*Problem statement*: Copy out the data from the line containing "retro Eat Sleep" to its last line, exactly. No pictures.

(Crawled caption data)
+++++
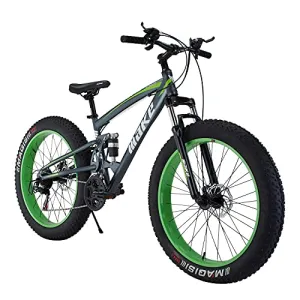 Amardeep cycles 26 inches Fat Tyre Wheel, Steel Frame- 18 inches, Speed Double Disc Brake with Magnesium Alloy Wheels Sports Folding All-Mountain Cycle for Unisex (Green) Over 23 Years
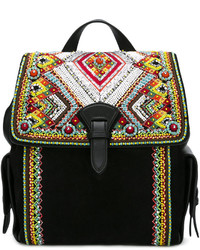 Roberto Cavalli Bead Embellished Backpack Purse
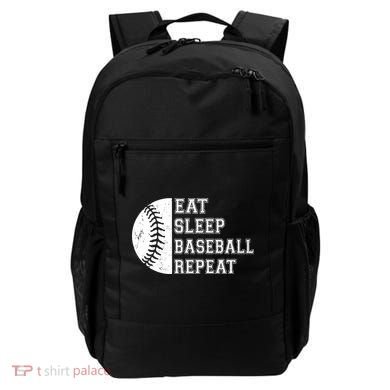 retro Eat Sleep Baseball Repeat Baseball Player Backpack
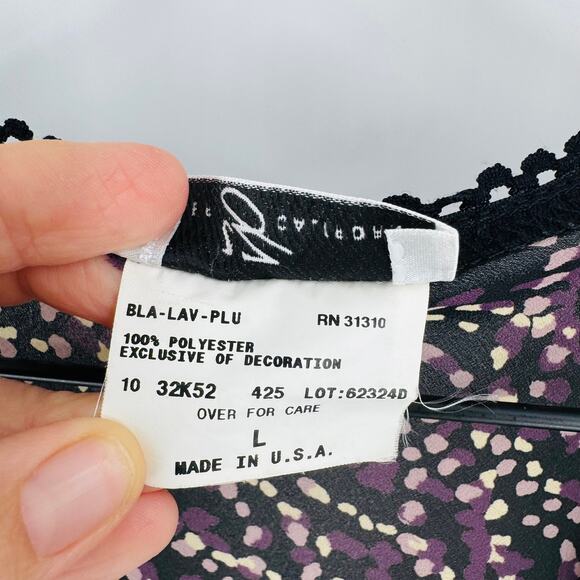 Vintage Byer California Y2K Sheer Tie-Front Blouse Black Purple Dot Print Size L - Picture 4 of 7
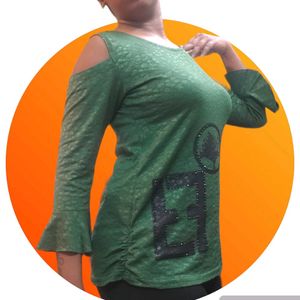 Women Top With Full Body Texture And Stone Symbol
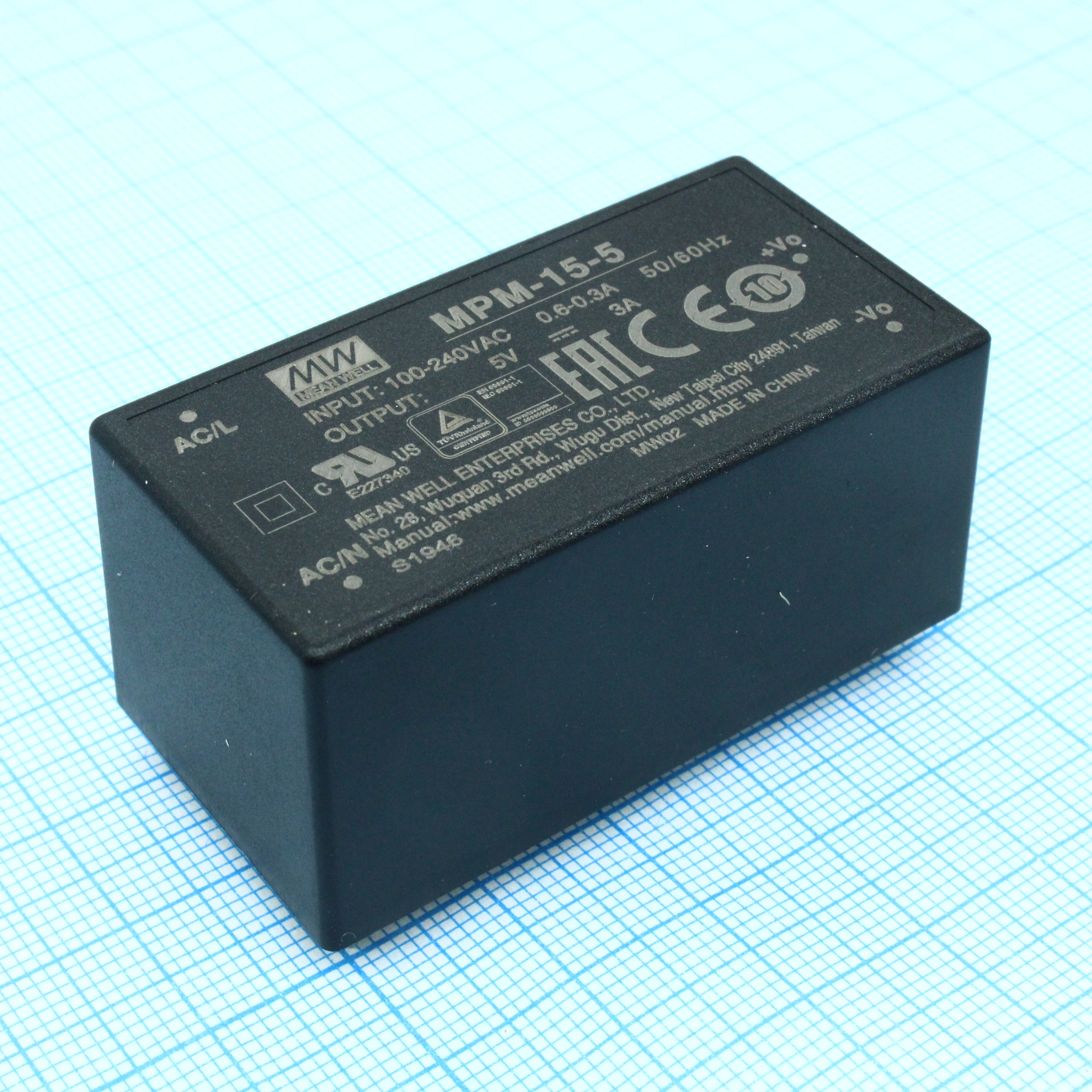 MPM-15-5 - AC-DC med, 15Вт, вход 80...264В AC 47...440 Гц, выход 5В/3А, изоляция 4000В AC, на плату, 52.4х27.2х24мм, -40...+85°C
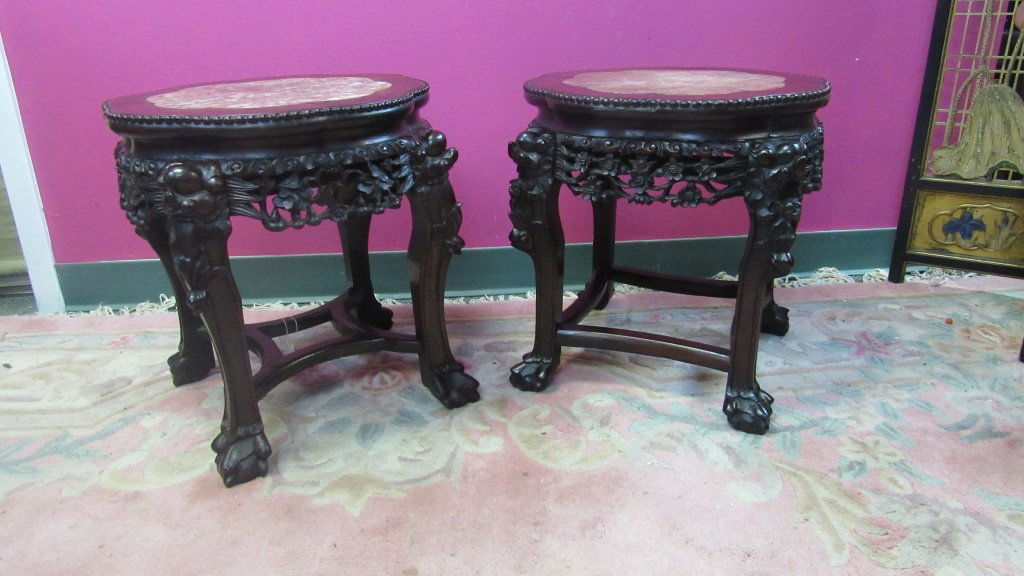 Pair of 19th Century Chinese Carved Rosewood Stand (1 of 6)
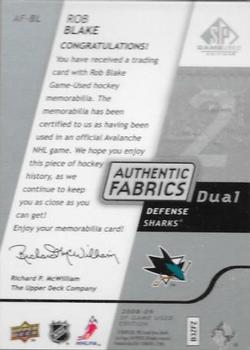 2008-09 SP Game Used - Authentic Fabrics Dual #AF-BL Rob Blake  Back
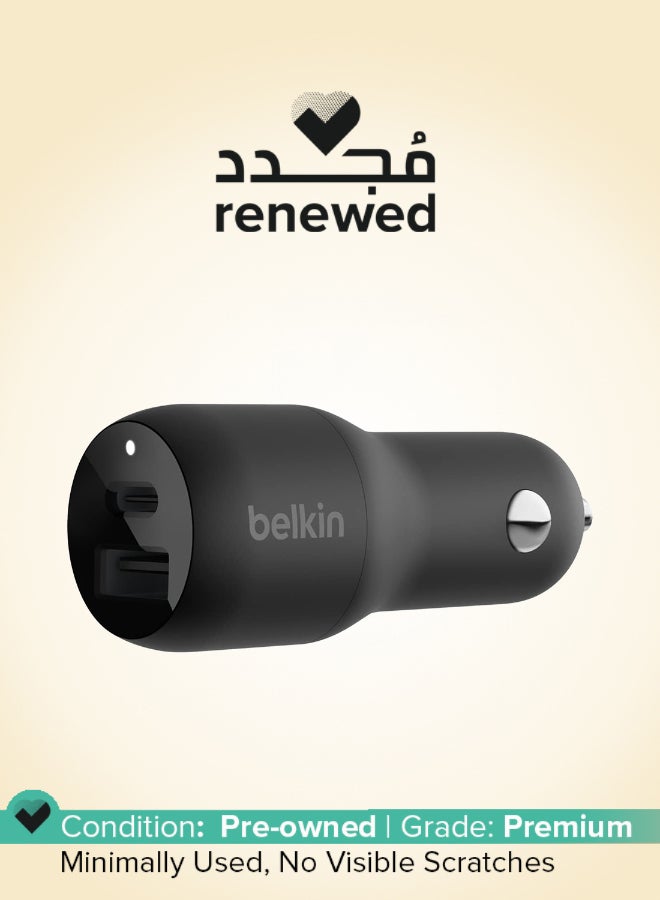 belkin Renewed - Dual USB-C Car Charger for Cellular Phones and Tablets - 42W (12W + 30W) PD Black - Image 1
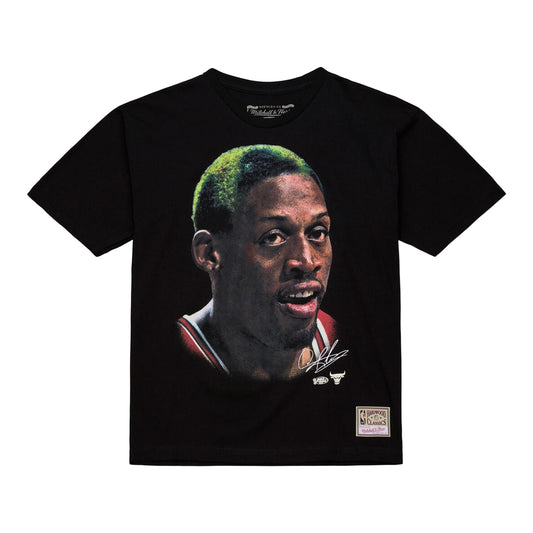 Chicago Bulls Mitchell & Ness Dennis Rodman Big Face Tee in Black - Front View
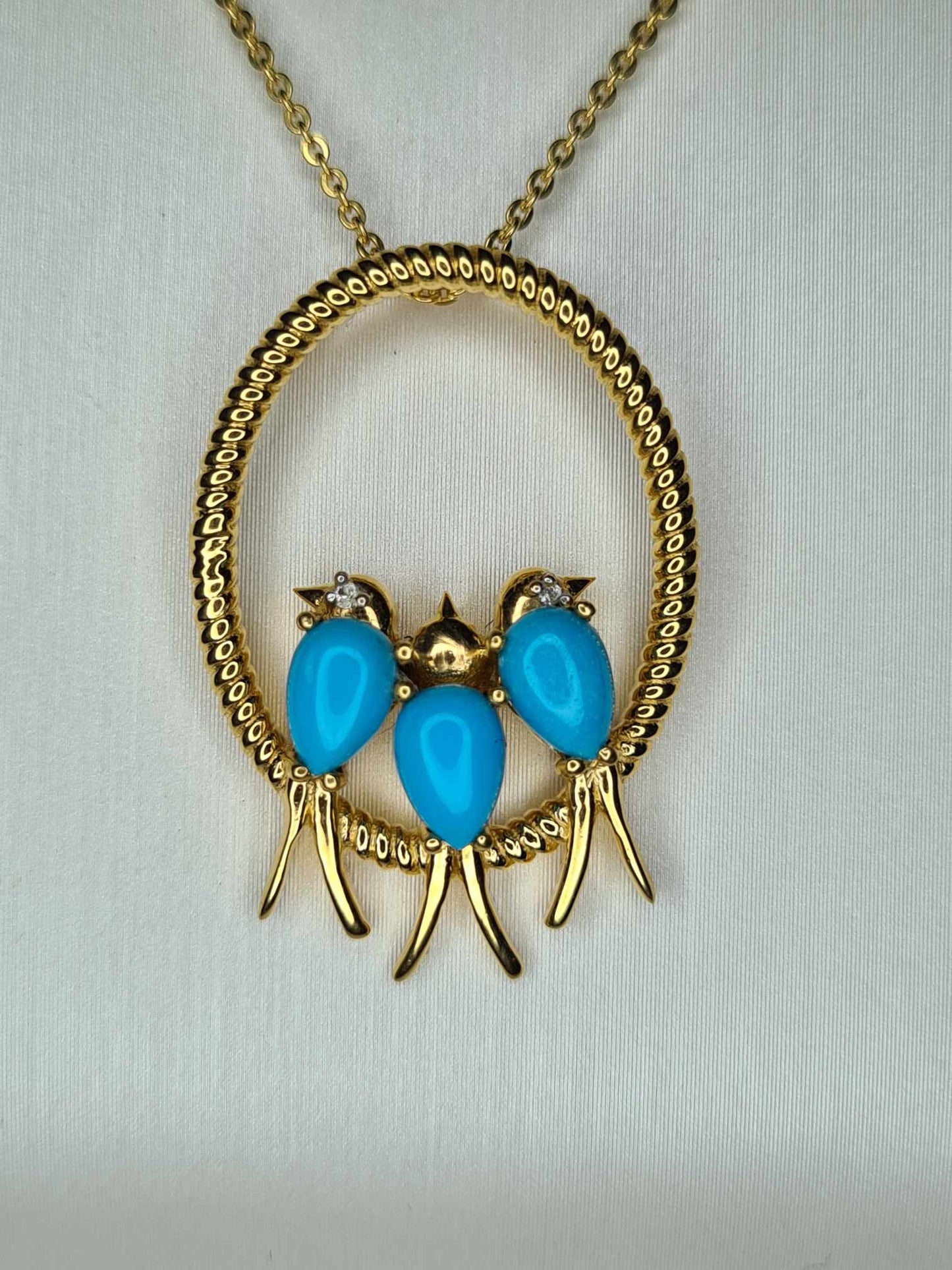 1.23 Ct Bird Arizona Sleeping Beauty Turquoise &amp; Zircon Necklace 18k gold overlay 925 sterling silver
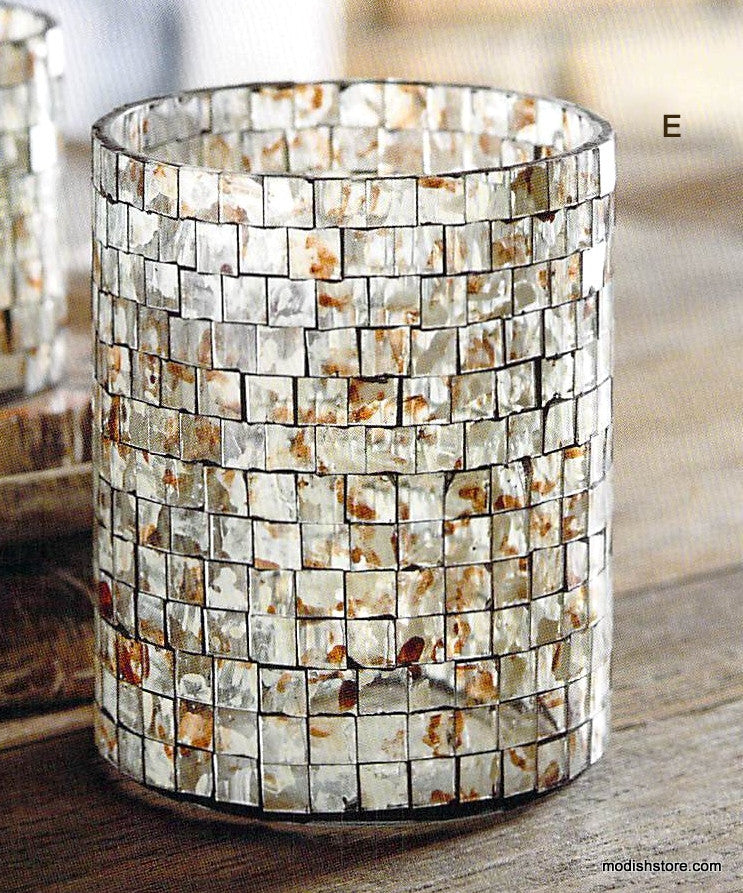 Roost Canyon Mosaic Glass Hurricane & Votive Holder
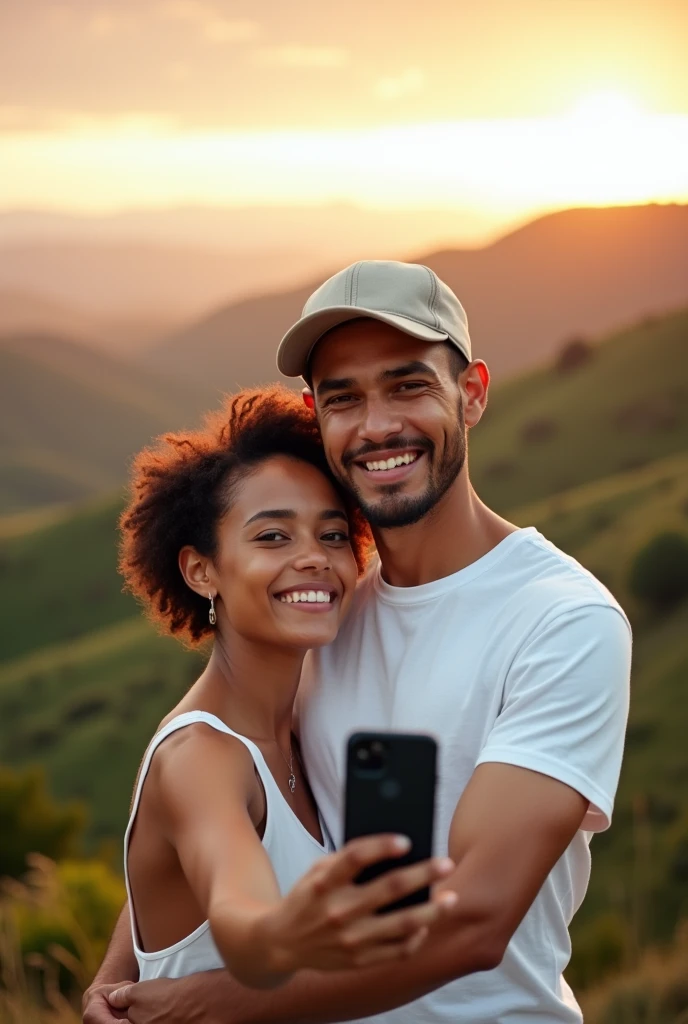 Beautiful latin couple with baseball cap and white t-shirt (taking a picture with their cell phone in a great landscape), Highly detailed, 25 years old, innocent face, short natural hair, High resolution, Masterpiece, Best quality, Intricate details, Highly detailed, Sharp focus, Detailed skin, Realistic skin texture, Detailed eyes, Professional, 4k, Charming smile, Shot on Canon, 85mm, Depth of field, Kodak vision color, Perfect fit body, Extremely detailed, Photo_(ultra\), photoRealistic, Realistic, Post-processing, Maximum detail, Roughness, Real life, Ultra Realistic, photorealism, photography, 8k hd, Hyper realistic image photography with a lens aperture of 1.4 at a focal length of 50mm.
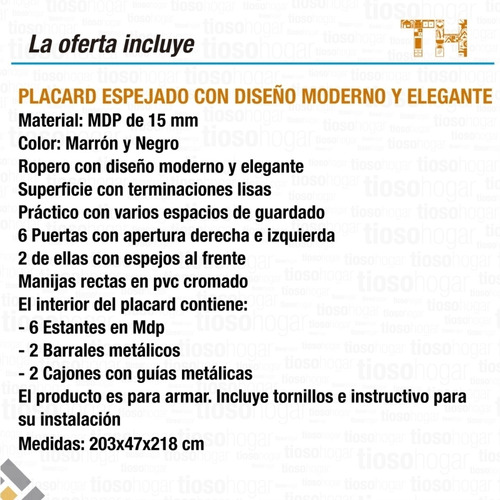 Imagen 6 de 10 de Placard Premium 2 Metros 6 Puertas Cajones Espejo Mode Envio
+++++
*Task solution*:
 retro Eat Sleep Baseball Repeat Baseball Player Backpack
 Vintage Byer California Y2K Sheer Tie-Front Blouse Black Purple Dot Print Size L - Picture 4 of 7
 Women Top With Full Body Texture And Stone Symbol
 MPM-15-5 - AC-DC med, 15Вт, вход 80...264В AC 47...440 Гц, выход 5В/3А, изоляция 4000В AC, на плату, 52.4х27.2х24мм, -40...+85°C
 Pair of 19th Century Chinese Carved Rosewood Stand (1 of 6)
 2008-09 SP Game Used - Authentic Fabrics Dual #AF-BL Rob Blake  Back
 belkin Renewed - Dual USB-C Car Charger for Cellular Phones and Tablets - 42W (12W + 30W) PD Black - Image 1
 Chicago Bulls Mitchell & Ness Dennis Rodman Big Face Tee in Black - Front View
 1.23 Ct Bird Arizona Sleeping Beauty Turquoise &amp; Zircon Necklace 18k gold overlay 925 sterling silver
 Roost Canyon Mosaic Glass Hurricane & Votive Holder
 Beautiful latin couple with baseball cap and white t-shirt (taking a picture with their cell phone in a great landscape), Highly detailed, 25 years old, innocent face, short natural hair, High resolution, Masterpiece, Best quality, Intricate details, Highly detailed, Sharp focus, Detailed skin, Realistic skin texture, Detailed eyes, Professional, 4k, Charming smile, Shot on Canon, 85mm, Depth of field, Kodak vision color, Perfect fit body, Extremely detailed, Photo_(ultra\), photoRealistic, Realistic, Post-processing, Maximum detail, Roughness, Real life, Ultra Realistic, photorealism, photography, 8k hd, Hyper realistic image photography with a lens aperture of 1.4 at a focal length of 50mm.
 Imagen 6 de 10 de Placard Premium 2 Metros 6 Puertas Cajones Espejo Mode Envio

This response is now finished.